Pardonnez-moi si parfois mes paroles sont vives : manque de sérénité oblige. Je voudrais seulement ouvrir mon cœur à ceux qui veulent encore regarder dedans et leur dire pourquoi.

Pourquoi l’histoire n’existe plus, pourquoi la mémoire devient celle d’un jour, jusqu’au prochain journal télévisé. Je divague peut-être, mais même la notion d’accident n’existe plus. L’évènement naturel aussi a disparu pour faire place à la faute à quelqu’un.

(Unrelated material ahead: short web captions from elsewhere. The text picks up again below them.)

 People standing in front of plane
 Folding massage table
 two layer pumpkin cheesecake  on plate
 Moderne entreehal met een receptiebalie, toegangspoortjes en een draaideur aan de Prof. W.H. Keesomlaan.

Pourquoi il y a toujours et forcément un coupable, un humain qui doit payer pour tous au nom de l’omniprésente responsabilité individuelle et la désormais innommable faute collective. Pourquoi, s’il vous plait, avant même de chercher à comprendre poursuit-on déjà un coupable et grand malheur s’il n’y en avait pas un ad hoc ! Peut-être parce que, nous sommes devenus incapables d’assumer la douleur de l’adversité et cherchons soulagement et distraction dans la recherche du « Reo ».

Et puis encore, excusez-moi la naïveté et sans jamais oublier l’incontestable respect qu’on devrait tous avoir pour la vie humaine, pourquoi est-on Résistant lorsqu’on gagne et terroriste quand on perd ?

Pourquoi la vengeance est-elle devenue une pratique ordinaire ? Je me souviens, pourtant, que ça n’a pas été toujours ainsi. Il fut un temps où la vengeance était quelque chose d’horrible et seulement très peu de malheureux osaient la défier, se trompant souvent de cible.

Aujourd’hui, en revanche, elle semble devenue une nécessité, la nova res publica. Il nous faut un coupable et le punir, oubliant sa vie sociale, sa famille, les valeurs de respect et de liberté qui sont et restent les siennes, les promesses... Il n’y a plus de dieux à brûler. Le ciel est vide.